T(X) Fin. Co-D. Crit. for the Ran. of a BLO to be Cl., X and Y are Ban. Sp.
T(X) Finite Co-Dimensional Criterion for the Range of a BLO to be Closed when X and Y are Banach Spaces
Recall that if $X$ is a linear space and $M \subset X$ is a subspace then $M$ is said to be finite co-dimensional if $M$ has a finite-dimensional algebraic complement $M'$.
Also recall from the Topological Complement Criterion for the Range of a BLO to be Closed when X and Y are Banach Spaces page that if $X$ and $Y$ are Banach spaces and $T : X \to Y$ is a bounded linear operator then if $T(X)$ has a topological complement then $T(X)$ is closed.

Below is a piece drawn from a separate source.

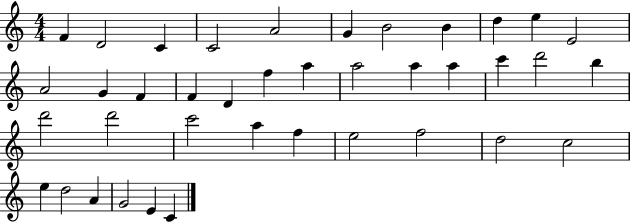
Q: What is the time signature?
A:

We will now prove a very nice consequence of the above theorem.
| Theorem 1: Let $X$ and $Y$ be Banach spaces and let $T : X \to Y$ be a bounded linear operator. If $T(X)$ is finite co-dimensional then $T(X)$ is closed. |
- Proof: Let $T(X)$ be finite co-dimensional. Let $M \subset Y$ be a finite-dimensional algebraic complement of $T(X)$.
- Since $M \subseteq Y$ is finite-dimensional proper subspace of $Y$, we have that $M$ is closed. Therefore $T(X)$ has a topological complement.
- By the theorem referenced above, $T(X)$ must be closed. $\blacksquare$